As it is, GPU's display single pictures in sequence as fast as they can, they have no notion of the whole scene. Drawing calls and calculating the same things for every frame are expensive. With the shaders to handle calculating the actual color, they might be the most expensive thing in terms of speed, and thus in the highest quality of the frames archievable.

With all the talk about doing real physics, you need to have the whole scene uploaded and processed to some dedicated hardware anyway, which needs to output new geometry, textures and lighting calculations to the renderer. Why not have the GPU do all that? And when it does, it can optimize everything so much better.
 
DiGuru said:
As it is now, each frame is drawn all anew over and over again. And as we see with the improved memory controller and the efforts to batch drawing calls and instance objects, I think the next step to offer improved frames and speed would be to upload the whole scene once, and send only the modifications afterwards.
You're a little late for "the next step". Since there's hardware geometry processing, you usually upload all the static scene data only once and then submit the changes as transformation matrices, bone positions, weights, or other shader constants.

As it is, GPU's display single pictures in sequence as fast as they can, they have no notion of the whole scene. Drawing calls and calculating the same things for every frame are expensive. With the shaders to handle calculating the actual color, they might be the most expensive thing in terms of speed, and thus in the highest quality of the frames archievable.
I'm not sure what you're trying to say, but generally, it's the "common worst case" you need to optimize, and in the case of 3D graphics this worst case is that each and every pixel (except HUD) changes from one frame to the next because the virtual eye moves. There's no point in optimizing still frames.
 
DiGuru said:
I think the next step to offer improved frames and speed would be to upload the whole scene once, and send only the modifications afterwards.
OpenRT API does just that. Only problem is that I think there is no way to modify uploaded objects (yet?), you have to remove them and then add them back to their new position. Also camera is a bit more natural and you don't have to move the entire world to see it from another angle :)

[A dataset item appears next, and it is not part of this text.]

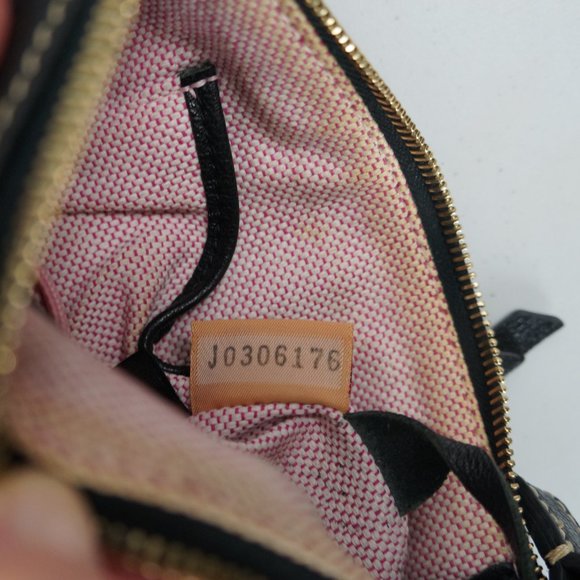 Dooney and Bourke Crossbody Bag, Black Purse, Shoulder Strap - Picture 10 of 12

I don't think functionality like this would be availiable in d3d/opengl in the near five years and since ray tracing will probably take over anyway in about ten years I think there is no big problem :)
 
Xmas said:
You're a little late for "the next step". Since there's hardware geometry processing, you usually upload all the static scene data only once and then submit the changes as transformation matrices, bone positions, weights, or other shader constants.

Can you explain that a bit more? That sounds like the same thing as Ho_ho is saying as well.

I know about vertex processing, but I didn't knew you can have them calculate the new ones from things like bone positions, unless you uploaded a calculation for the vertex to use. Which still requires a lot of overhead.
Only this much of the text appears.